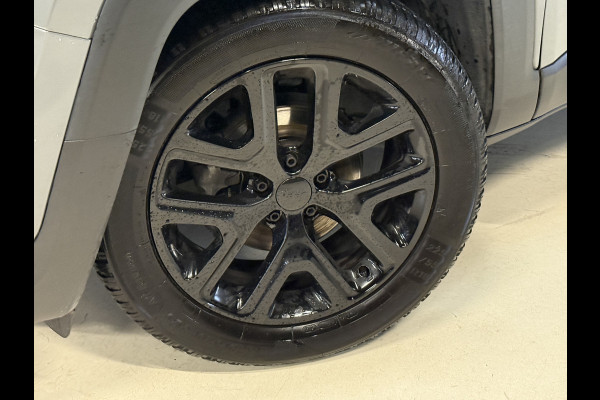 Jeep Renegade 1.0T Limited | Night Eagle | Apple Carplay | Keyless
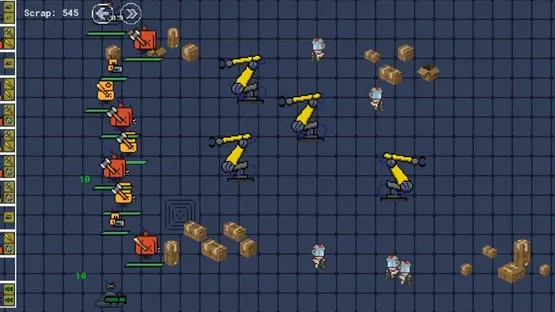 Screenshot 7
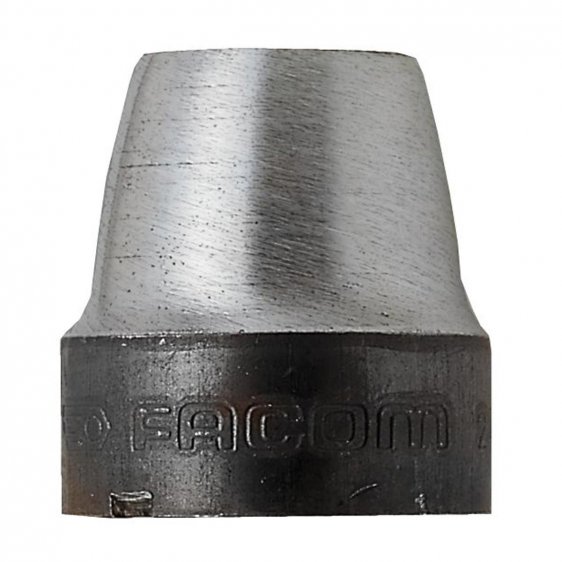 FACOM 245A.T3 - 3mm Gasket Punch Dies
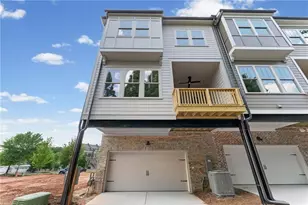 73 Bourbon Street, Senoia, GA 30276 - Photo 34
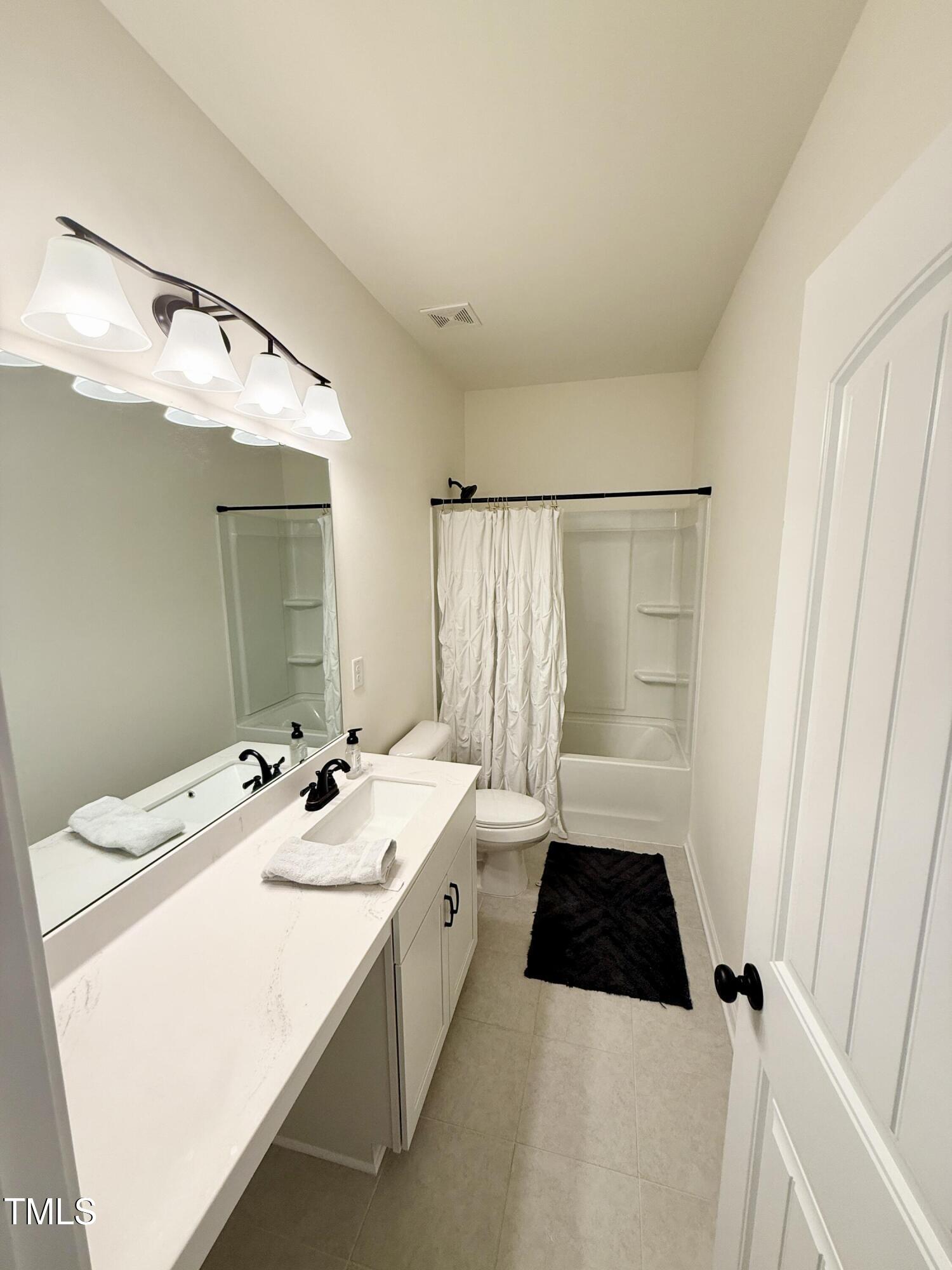 5117 Farm Barn Lane Raleigh, NC 27603 - Photo 20 of 25 20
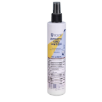 Spray Hand Sanitizer Goldef, 250 Ml
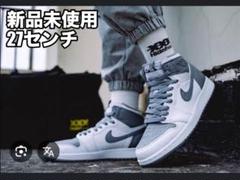 AIR JORDAN 1 KOエアジョーダン1 AJKO CHICAGO シカゴ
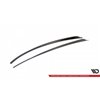 Maxton - Fibre de Carbone Rails de Toit BMW M4 G82 / G82 Facelift 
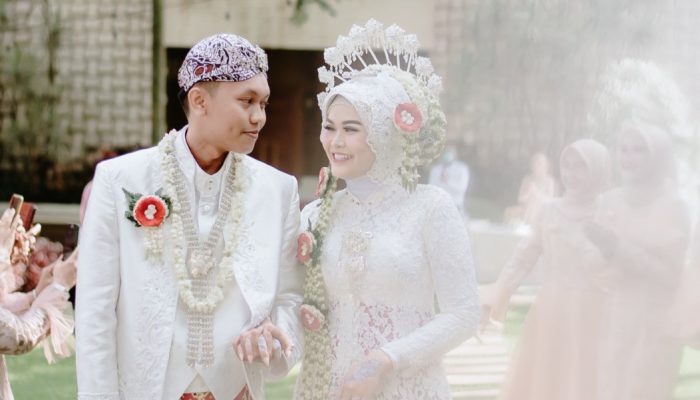 The Village Resort Bogor by WH: Hidden Gem untuk Pernikahan yang Tidak Terlupakan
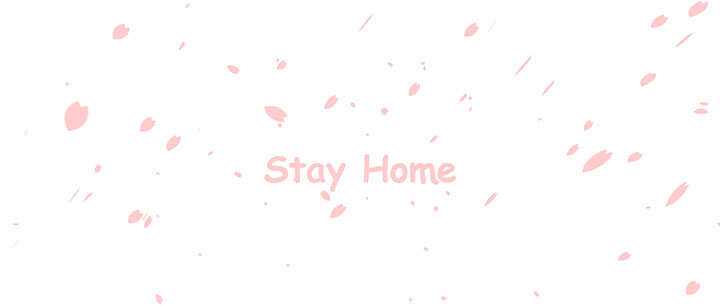 css3全屏树叶飘落动画背景特效 - 创梦DreamCreation知识站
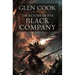 The Return of the Black Company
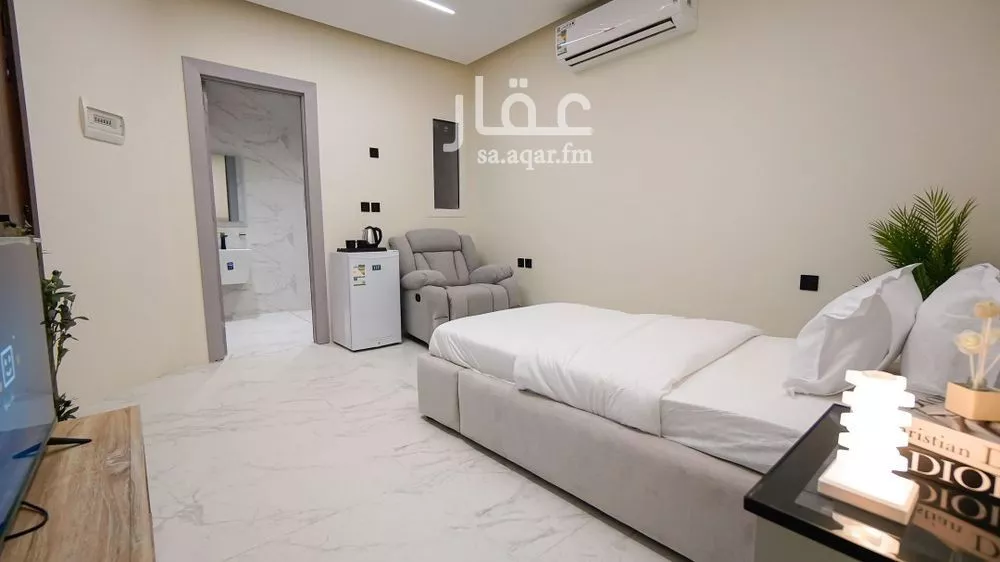 14 bedroom building in Al Rimal, Riyadh 8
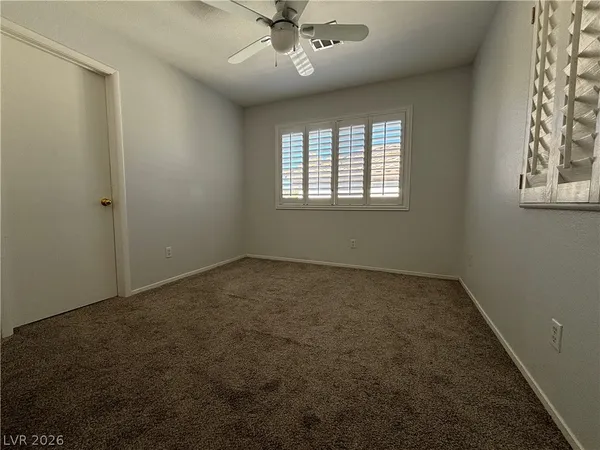 $1,850 | 1208 Fascination Street, Las Vegas, NV 89128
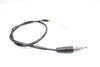 RM85 02-23 RM85L 03-22 Throttle Cable Assy Suzuki 58300-02B22 #339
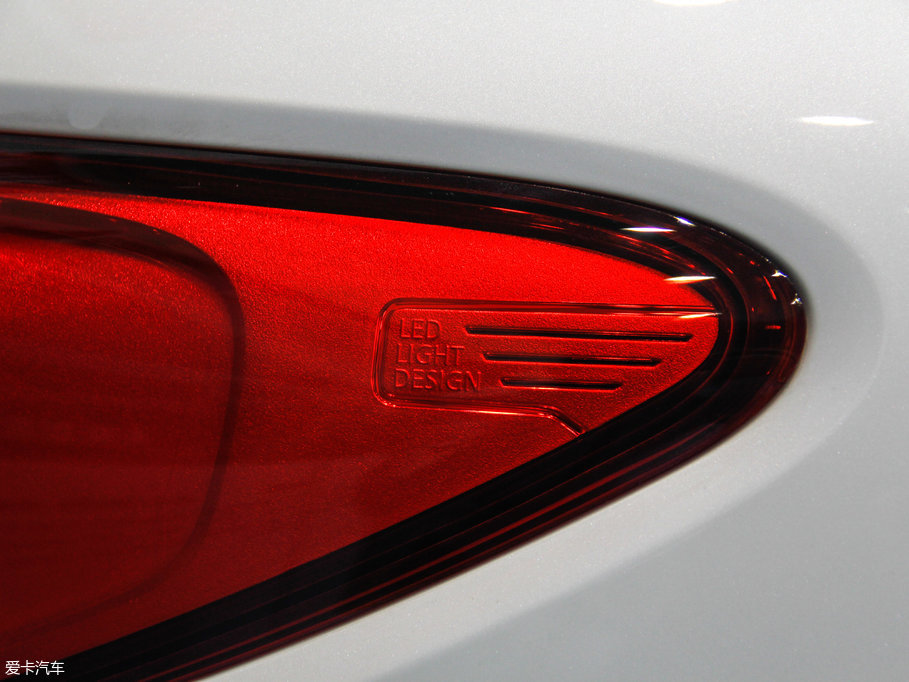 2017����׼� 2.0L ������F��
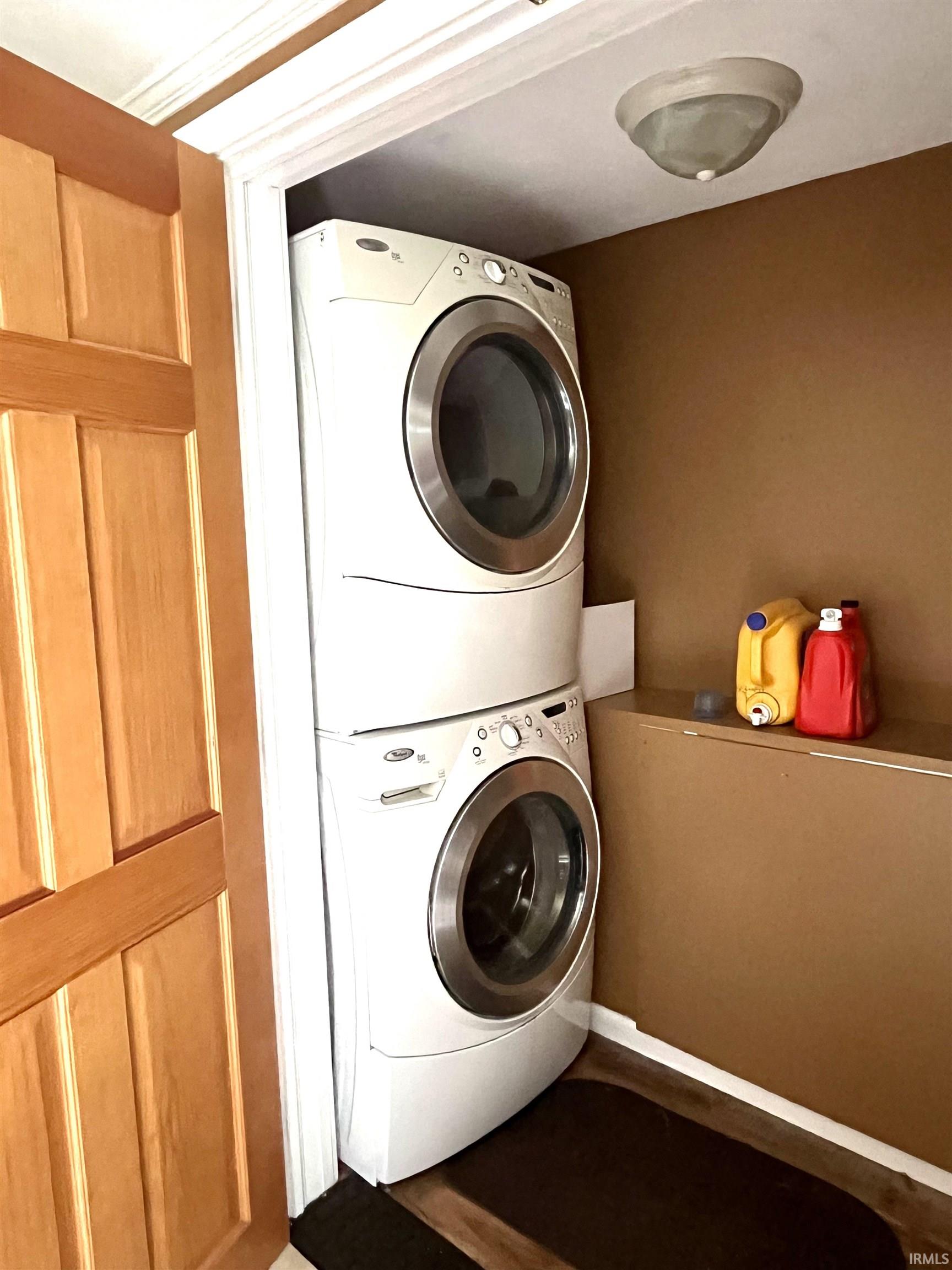 1136 Byron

--------------------------------

- _What this task involves_
Look above for the line with "Screenshot 7", then give again exactly every line from there through the line with "Maxton - Fibre", skipping the pictures.

- _Solution for this problem_
 Screenshot 7
 FACOM 245A.T3 - 3mm Gasket Punch Dies
 73 Bourbon Street, Senoia, GA 30276 - Photo 34
 5117 Farm Barn Lane Raleigh, NC 27603 - Photo 20 of 25 20
 Spray Hand Sanitizer Goldef, 250 Ml
 AIR JORDAN 1 KOエアジョーダン1 AJKO CHICAGO シカゴ
 Maxton - Fibre de Carbone Rails de Toit BMW M4 G82 / G82 Facelift 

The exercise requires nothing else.